In the records below, find the line that contains "Outlaw Burnt Mustard" and the line that contains "Louis Vuitton Brown and Pink Monogram Tote", then retype exactly those two lines and every line between them.

Recorded data:
*** Block opens ***
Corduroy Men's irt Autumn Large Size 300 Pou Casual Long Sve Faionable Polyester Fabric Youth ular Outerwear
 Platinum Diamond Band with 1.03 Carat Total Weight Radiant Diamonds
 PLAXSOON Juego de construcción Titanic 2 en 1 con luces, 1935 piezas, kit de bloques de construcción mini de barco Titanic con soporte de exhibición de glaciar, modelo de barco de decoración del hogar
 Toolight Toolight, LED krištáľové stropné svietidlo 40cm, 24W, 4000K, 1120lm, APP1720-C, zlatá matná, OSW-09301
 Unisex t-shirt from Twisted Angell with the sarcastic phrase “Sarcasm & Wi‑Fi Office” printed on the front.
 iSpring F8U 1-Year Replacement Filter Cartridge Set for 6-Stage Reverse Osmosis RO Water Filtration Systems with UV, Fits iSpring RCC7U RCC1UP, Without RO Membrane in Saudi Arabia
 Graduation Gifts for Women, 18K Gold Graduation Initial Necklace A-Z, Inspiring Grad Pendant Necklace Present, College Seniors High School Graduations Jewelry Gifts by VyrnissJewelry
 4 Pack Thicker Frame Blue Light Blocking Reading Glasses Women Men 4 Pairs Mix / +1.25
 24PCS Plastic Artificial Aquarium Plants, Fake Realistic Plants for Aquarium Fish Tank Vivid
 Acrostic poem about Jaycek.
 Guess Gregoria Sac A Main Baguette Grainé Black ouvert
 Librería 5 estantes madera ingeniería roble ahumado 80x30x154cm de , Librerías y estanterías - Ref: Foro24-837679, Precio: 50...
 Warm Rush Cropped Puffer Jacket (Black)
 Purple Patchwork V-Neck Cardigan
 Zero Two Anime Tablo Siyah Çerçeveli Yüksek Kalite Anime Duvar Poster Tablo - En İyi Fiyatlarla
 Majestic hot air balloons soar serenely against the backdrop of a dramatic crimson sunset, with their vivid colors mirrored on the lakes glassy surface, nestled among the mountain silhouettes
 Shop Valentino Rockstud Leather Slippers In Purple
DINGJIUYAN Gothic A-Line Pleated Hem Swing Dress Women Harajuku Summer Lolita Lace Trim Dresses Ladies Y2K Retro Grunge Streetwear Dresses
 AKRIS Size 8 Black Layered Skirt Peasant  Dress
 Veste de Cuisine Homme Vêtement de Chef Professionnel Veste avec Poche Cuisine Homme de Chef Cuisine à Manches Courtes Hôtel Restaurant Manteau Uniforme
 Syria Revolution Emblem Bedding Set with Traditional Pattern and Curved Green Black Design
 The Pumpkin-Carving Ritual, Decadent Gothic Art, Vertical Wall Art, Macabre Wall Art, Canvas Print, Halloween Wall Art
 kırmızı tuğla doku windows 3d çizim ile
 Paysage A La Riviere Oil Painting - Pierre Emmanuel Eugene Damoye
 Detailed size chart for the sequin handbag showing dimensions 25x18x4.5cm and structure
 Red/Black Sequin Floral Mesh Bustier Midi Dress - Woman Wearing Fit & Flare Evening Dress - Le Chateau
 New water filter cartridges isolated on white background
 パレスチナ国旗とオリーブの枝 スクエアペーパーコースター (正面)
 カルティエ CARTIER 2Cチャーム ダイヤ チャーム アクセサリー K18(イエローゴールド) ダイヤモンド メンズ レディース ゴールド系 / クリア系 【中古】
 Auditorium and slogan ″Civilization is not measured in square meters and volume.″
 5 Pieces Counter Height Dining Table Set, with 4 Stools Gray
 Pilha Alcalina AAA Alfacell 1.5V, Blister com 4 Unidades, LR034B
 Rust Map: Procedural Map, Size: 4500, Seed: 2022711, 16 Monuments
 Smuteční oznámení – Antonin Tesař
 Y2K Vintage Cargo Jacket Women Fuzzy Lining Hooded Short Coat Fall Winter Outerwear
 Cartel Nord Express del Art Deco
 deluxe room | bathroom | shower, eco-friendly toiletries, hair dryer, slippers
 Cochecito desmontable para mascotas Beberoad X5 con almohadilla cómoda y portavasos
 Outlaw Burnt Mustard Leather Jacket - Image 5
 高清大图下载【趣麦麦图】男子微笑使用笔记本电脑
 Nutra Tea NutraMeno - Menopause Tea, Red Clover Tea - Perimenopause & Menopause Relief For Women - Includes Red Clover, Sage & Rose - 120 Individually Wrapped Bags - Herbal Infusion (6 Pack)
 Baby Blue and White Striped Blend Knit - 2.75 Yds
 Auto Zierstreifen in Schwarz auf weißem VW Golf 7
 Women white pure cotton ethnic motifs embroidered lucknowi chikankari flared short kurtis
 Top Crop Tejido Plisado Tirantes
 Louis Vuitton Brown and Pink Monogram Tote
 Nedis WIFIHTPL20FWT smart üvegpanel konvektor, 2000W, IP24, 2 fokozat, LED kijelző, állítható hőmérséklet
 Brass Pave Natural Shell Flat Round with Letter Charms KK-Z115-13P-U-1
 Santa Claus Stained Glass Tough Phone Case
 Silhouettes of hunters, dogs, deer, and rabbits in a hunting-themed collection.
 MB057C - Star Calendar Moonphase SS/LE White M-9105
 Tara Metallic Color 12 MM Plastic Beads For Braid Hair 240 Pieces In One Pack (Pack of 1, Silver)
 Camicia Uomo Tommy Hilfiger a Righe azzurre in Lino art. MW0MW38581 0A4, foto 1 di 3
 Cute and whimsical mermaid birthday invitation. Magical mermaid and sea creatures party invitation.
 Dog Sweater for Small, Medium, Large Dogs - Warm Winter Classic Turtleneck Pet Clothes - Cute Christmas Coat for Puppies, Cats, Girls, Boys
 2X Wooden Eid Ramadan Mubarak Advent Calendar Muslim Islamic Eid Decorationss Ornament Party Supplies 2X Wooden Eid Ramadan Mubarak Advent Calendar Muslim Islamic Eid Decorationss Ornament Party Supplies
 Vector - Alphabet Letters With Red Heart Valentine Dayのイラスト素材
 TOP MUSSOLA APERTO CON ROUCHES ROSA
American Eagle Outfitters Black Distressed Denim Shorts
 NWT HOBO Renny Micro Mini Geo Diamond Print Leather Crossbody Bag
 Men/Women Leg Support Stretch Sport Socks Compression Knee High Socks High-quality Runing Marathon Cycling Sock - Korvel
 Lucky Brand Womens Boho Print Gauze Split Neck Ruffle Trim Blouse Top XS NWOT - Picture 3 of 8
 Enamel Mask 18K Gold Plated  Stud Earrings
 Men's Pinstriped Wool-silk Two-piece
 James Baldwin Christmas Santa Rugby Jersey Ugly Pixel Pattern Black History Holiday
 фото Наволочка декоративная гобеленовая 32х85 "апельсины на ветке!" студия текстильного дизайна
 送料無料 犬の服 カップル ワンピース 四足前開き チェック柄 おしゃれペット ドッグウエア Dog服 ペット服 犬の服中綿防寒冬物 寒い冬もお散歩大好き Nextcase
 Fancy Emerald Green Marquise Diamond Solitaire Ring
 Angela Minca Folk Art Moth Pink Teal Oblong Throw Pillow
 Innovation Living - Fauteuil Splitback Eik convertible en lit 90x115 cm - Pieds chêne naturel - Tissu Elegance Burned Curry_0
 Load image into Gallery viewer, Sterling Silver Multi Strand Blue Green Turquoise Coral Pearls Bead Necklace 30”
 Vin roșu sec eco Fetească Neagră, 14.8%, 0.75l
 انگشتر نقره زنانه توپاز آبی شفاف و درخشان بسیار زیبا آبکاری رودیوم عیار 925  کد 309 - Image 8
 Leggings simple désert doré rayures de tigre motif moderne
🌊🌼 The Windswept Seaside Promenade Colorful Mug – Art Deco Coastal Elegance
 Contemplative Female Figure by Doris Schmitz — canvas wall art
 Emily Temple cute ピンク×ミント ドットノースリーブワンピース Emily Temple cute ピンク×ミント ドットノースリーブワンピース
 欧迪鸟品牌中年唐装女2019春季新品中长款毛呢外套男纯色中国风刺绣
*** Block closes ***
### RESPONSE TO THE EXERCISE
 Outlaw Burnt Mustard Leather Jacket - Image 5
 高清大图下载【趣麦麦图】男子微笑使用笔记本电脑
 Nutra Tea NutraMeno - Menopause Tea, Red Clover Tea - Perimenopause & Menopause Relief For Women - Includes Red Clover, Sage & Rose - 120 Individually Wrapped Bags - Herbal Infusion (6 Pack)
 Baby Blue and White Striped Blend Knit - 2.75 Yds
 Auto Zierstreifen in Schwarz auf weißem VW Golf 7
 Women white pure cotton ethnic motifs embroidered lucknowi chikankari flared short kurtis
 Top Crop Tejido Plisado Tirantes
 Louis Vuitton Brown and Pink Monogram Tote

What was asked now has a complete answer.